À cause de tout ce qui précède, nous ne
pouvons pas nous satisfaire de la réalité, mais
ne sommes en aucun cas capable de l’améliorer,
ou de la combattre, s’en suit alors un mécanisme
de fuite vers une autre réalité, plus à
même de répondre à nos attentes.
Le développement parallèle des jeux vidéo
et des jeux de rôle illustre parfaitement ce besoin de
déconnexion avec la réalité, permettant,
pour quelques instants, de s’échapper, de manière
de plus en plus réaliste et en impliquant de plus en
plus le joueur dans l’univers virtuel.
Je ne porte pas de jugement sur l’attitude qui consiste
à fuir la réalité pour évoluer dans
une autre (qui demanderait à elle seule une étude
complète et poussée), mais c’est un fait
qu’il est important de relever : nous cherchons l’évasion.
Une fois de plus, le cinéma ne peut rester en retrait
par rapport à ce besoin et offre un grand nombre de réalités
déformées ou parallèles.
Parfois, seules quelques
petites touches d’irréel parsèment les films,
à l’image de Pulp Fiction.
L’action s’y déroule dans le même monde
que le notre, mais le montage des scènes dans un ordre
non chronologique (qui font agir des gens censés être
morts dans la scène précédente, par exemple)

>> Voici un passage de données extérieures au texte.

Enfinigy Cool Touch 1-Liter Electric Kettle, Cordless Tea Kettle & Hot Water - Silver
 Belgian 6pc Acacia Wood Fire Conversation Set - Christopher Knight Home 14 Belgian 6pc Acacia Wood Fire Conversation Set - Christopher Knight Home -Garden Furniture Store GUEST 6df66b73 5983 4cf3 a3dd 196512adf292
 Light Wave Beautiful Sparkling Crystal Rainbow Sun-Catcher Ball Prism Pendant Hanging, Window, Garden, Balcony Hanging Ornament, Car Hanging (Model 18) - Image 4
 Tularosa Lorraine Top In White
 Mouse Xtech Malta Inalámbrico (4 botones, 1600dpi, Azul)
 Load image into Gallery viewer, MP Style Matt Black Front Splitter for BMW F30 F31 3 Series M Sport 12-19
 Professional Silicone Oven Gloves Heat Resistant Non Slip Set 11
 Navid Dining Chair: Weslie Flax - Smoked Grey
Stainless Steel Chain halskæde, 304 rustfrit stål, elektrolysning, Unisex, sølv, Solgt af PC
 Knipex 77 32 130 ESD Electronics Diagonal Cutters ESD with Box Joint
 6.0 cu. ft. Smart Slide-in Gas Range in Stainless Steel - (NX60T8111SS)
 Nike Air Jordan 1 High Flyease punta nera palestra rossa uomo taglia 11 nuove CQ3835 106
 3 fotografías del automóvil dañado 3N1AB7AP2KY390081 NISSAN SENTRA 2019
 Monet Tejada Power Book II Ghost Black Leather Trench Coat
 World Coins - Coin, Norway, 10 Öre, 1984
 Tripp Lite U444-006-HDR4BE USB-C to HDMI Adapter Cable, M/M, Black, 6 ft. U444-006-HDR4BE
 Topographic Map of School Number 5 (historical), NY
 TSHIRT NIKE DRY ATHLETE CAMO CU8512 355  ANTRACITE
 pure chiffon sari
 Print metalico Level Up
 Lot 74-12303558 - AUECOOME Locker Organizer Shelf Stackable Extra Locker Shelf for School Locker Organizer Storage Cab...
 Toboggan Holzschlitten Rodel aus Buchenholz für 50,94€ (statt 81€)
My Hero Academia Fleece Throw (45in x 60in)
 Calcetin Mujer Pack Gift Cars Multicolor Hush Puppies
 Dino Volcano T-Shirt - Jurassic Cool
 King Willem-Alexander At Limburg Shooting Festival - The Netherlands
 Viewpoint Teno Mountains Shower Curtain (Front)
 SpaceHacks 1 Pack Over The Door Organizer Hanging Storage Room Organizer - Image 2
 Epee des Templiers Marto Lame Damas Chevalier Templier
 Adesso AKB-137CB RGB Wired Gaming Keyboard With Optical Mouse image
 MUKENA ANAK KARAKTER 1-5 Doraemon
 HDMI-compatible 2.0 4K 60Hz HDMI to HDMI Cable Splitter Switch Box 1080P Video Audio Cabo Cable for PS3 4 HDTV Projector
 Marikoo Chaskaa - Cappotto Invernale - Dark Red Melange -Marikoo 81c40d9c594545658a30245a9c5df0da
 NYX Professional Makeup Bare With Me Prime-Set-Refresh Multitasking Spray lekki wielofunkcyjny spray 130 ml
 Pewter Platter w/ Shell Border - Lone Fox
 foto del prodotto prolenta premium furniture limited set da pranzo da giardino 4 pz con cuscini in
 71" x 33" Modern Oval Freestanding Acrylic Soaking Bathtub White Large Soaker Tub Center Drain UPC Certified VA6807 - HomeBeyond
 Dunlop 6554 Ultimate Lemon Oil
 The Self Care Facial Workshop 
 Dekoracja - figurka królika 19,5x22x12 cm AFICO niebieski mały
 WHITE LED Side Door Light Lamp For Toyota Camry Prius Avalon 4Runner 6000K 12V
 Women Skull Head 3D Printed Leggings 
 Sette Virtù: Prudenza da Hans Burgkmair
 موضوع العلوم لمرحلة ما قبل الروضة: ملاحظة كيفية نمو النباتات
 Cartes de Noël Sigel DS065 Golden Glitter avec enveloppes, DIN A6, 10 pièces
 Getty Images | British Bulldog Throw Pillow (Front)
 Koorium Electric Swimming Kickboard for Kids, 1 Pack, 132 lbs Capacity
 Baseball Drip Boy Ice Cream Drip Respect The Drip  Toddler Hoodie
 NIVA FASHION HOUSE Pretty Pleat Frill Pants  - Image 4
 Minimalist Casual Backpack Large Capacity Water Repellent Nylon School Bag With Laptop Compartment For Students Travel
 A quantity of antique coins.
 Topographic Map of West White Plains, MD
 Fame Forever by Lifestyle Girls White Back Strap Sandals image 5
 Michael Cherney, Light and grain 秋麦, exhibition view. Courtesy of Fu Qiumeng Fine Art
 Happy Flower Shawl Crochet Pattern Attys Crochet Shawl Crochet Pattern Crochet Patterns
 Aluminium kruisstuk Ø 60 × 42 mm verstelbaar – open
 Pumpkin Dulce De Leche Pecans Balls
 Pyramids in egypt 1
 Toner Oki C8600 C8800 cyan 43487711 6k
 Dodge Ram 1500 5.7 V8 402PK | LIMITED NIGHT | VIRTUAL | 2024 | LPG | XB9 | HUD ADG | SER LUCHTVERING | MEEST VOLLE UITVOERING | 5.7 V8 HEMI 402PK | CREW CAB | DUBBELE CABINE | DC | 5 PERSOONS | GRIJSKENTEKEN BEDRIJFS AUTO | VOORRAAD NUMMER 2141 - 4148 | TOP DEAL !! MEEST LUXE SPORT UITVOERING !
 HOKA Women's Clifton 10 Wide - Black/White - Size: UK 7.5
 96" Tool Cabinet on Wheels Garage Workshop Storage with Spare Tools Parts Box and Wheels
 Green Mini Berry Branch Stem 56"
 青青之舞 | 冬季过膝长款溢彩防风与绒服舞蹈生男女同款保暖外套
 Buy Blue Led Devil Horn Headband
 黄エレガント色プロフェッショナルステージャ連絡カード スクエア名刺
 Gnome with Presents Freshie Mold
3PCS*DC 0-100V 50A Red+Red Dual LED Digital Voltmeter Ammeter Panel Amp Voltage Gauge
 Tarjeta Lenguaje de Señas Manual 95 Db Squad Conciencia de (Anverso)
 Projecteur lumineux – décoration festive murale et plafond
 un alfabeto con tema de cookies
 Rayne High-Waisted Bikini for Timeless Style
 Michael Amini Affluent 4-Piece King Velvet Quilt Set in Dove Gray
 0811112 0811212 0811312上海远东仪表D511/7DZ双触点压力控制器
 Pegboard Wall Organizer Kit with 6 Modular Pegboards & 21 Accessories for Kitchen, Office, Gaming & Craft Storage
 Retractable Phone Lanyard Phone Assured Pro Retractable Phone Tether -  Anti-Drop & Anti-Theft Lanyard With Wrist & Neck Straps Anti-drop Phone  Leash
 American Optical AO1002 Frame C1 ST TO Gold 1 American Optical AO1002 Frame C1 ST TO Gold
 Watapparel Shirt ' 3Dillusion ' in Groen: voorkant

donne une impression d’imaginaire, où les actions
n’ont pas réellement de conséquence, où
l’on peut revenir en arrière, sur ce qui a été
fait...
Cette impression est d’autant plus accentuée que
les dialogues entre les personnages sont, eux, très proches
du quotidien, donnant un sentiment coutumier immédiatement
brisé par le montage.
Bernie
sort déjà beaucoup plus des sentiers battus de
la réalité : situations loufoques, dialogues décalés,
personnages étranges...
Le contexte dans lequel évolue l’histoire est bien
réel, mais les choses qui s’y déroulent
s’envolent vers le fantasque, à l’image de
l’identité du héros, Bernie, qui va évoluer
à mesure de ce qu’il apprend (ou qu’il croit
apprendre) sur son passé, changeant son nom au fur et
à mesure de l’histoire.
L’inverse se passe
dans Crouching Tiger, Hidden Dragon.
Dans ce film, les personnages sont très ancrés
dans le réel, les dialogues également mais ce
sont leurs actions qui sortent de l’ordinaire.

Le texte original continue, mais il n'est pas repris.